SOURCE DATA:
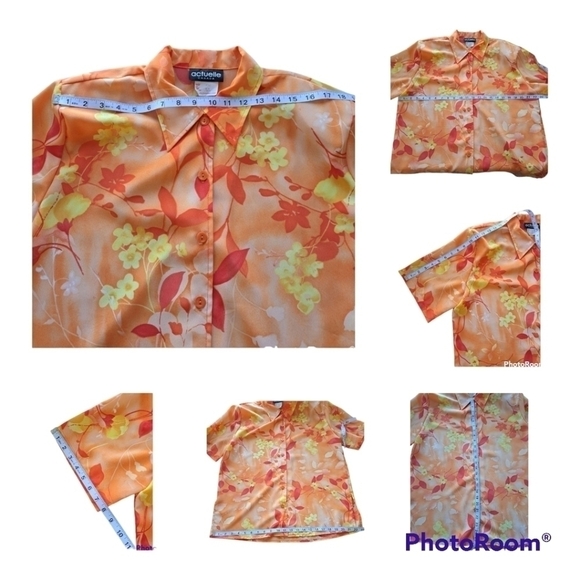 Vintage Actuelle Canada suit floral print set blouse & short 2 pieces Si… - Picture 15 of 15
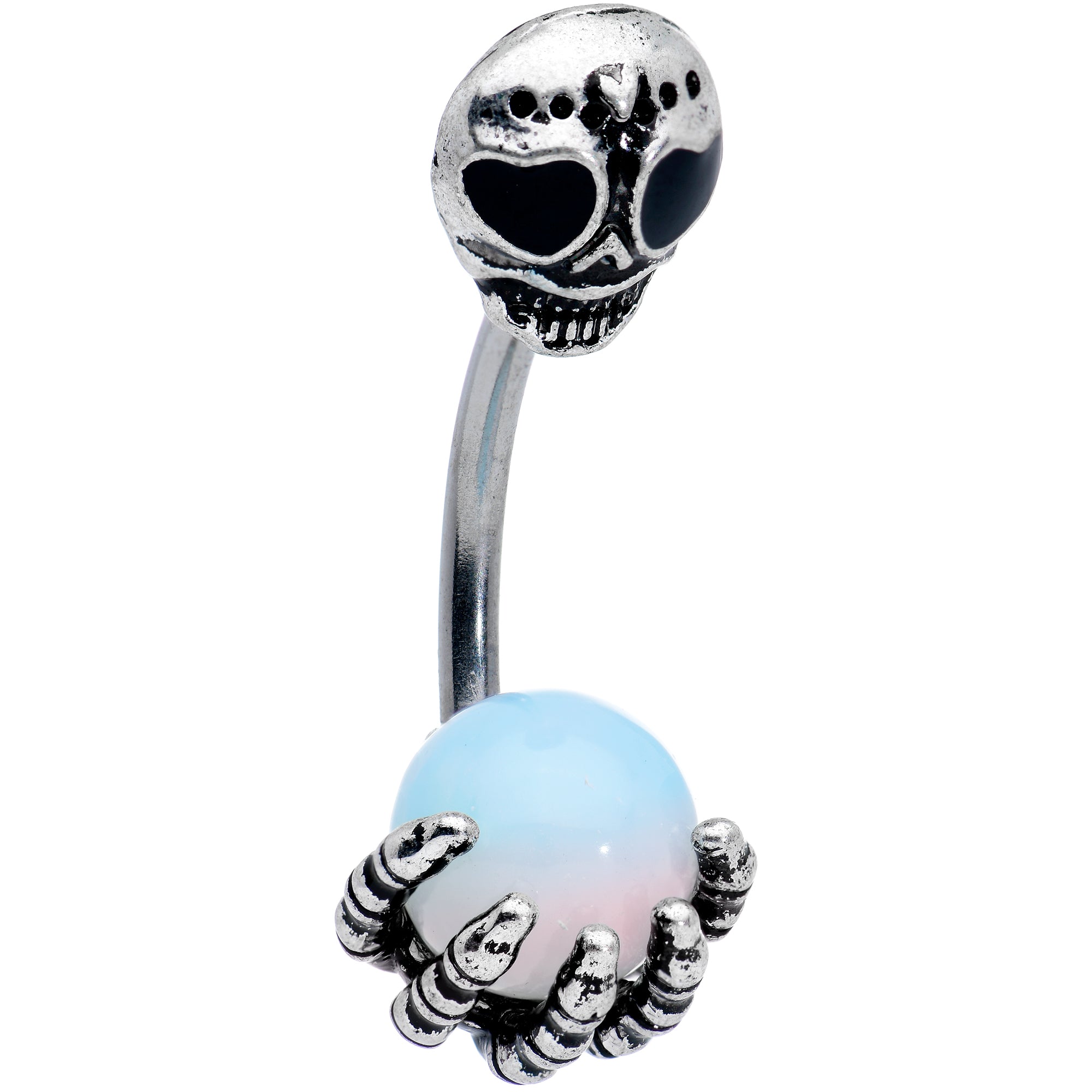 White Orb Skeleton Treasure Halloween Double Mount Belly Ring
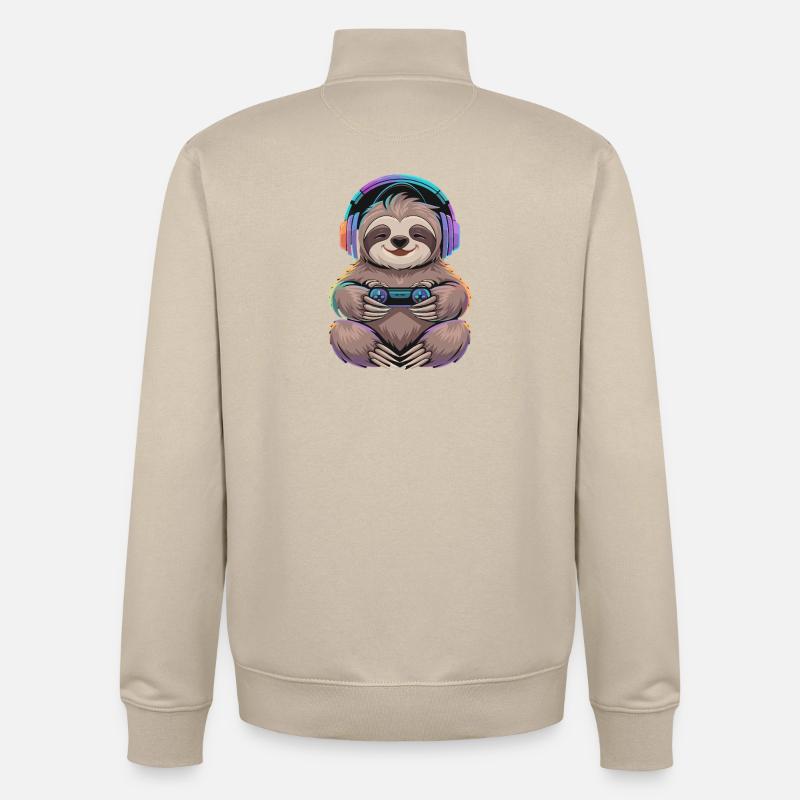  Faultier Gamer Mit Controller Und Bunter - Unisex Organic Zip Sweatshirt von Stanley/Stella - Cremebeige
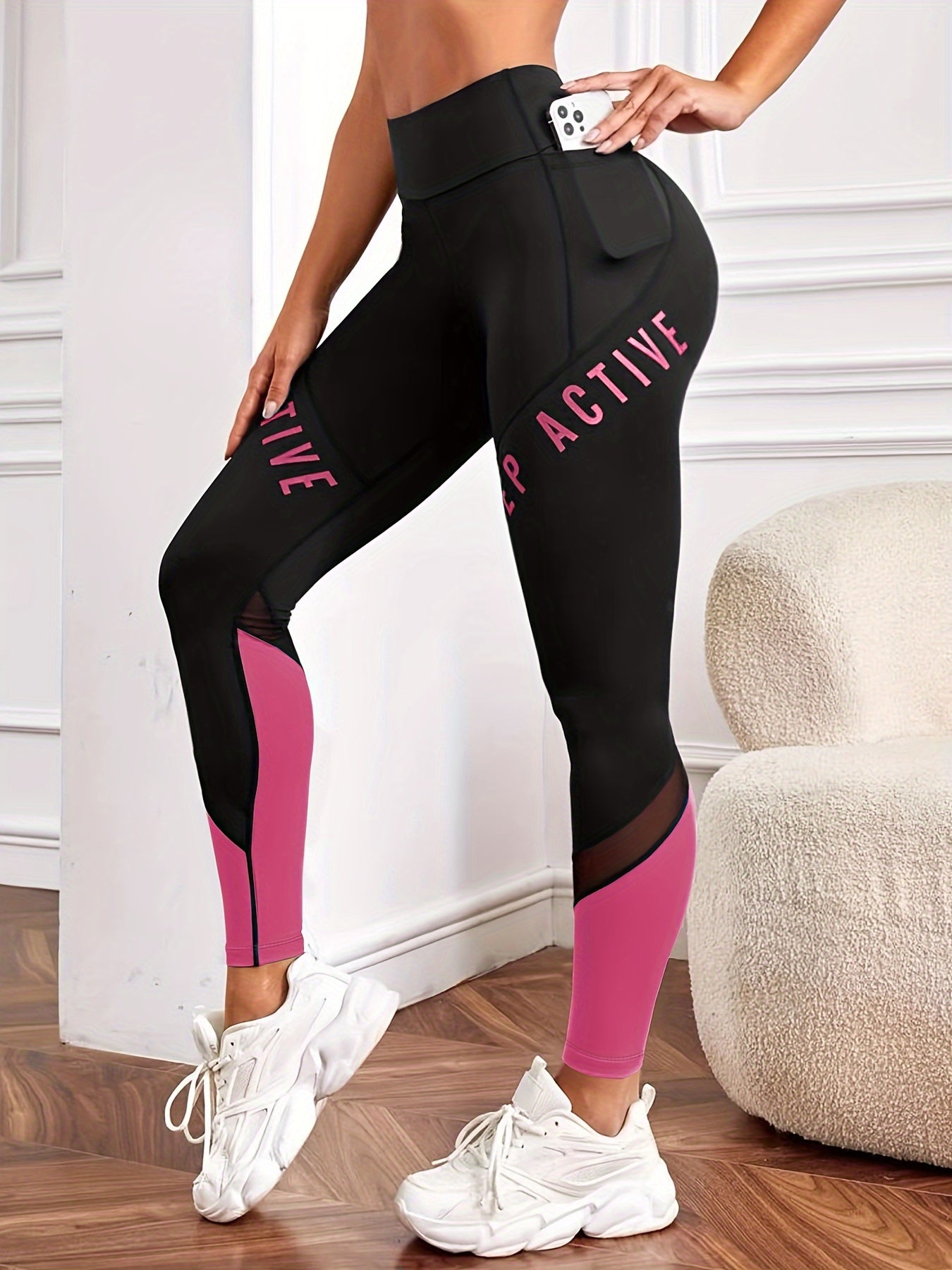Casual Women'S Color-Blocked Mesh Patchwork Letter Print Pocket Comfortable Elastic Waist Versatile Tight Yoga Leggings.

...

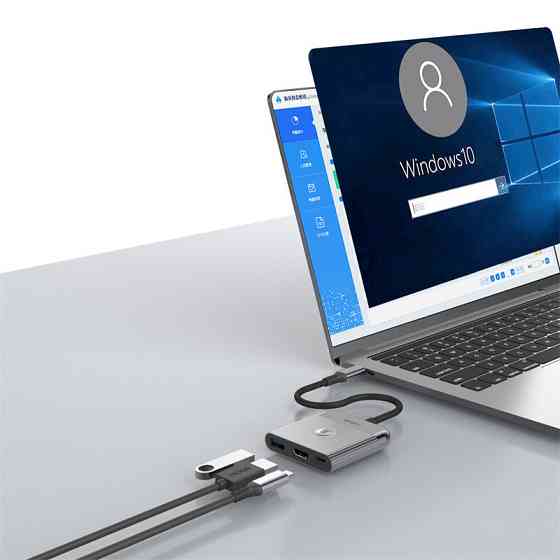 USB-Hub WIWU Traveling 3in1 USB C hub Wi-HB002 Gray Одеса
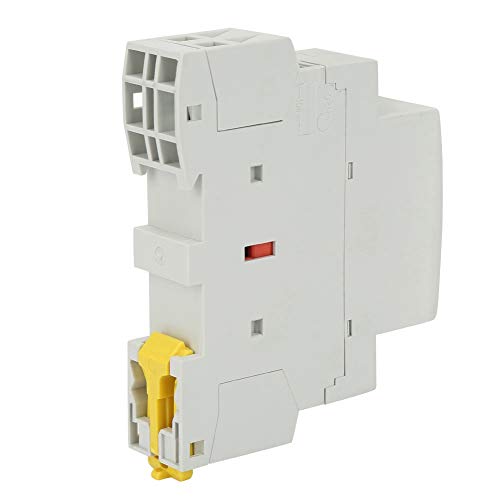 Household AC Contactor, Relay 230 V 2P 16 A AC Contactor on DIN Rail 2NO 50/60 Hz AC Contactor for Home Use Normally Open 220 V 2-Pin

PROBLEM STATEMENT:
Reproduce the lines above starting at the one with "Faultier Gamer Mit" and ending at the one with "Casual Women'S Color-Blocked", both included, exactly and with no pictures.

YOUR RESPONSE:
  Faultier Gamer Mit Controller Und Bunter - Unisex Organic Zip Sweatshirt von Stanley/Stella - Cremebeige
Casual Women'S Color-Blocked Mesh Patchwork Letter Print Pocket Comfortable Elastic Waist Versatile Tight Yoga Leggings.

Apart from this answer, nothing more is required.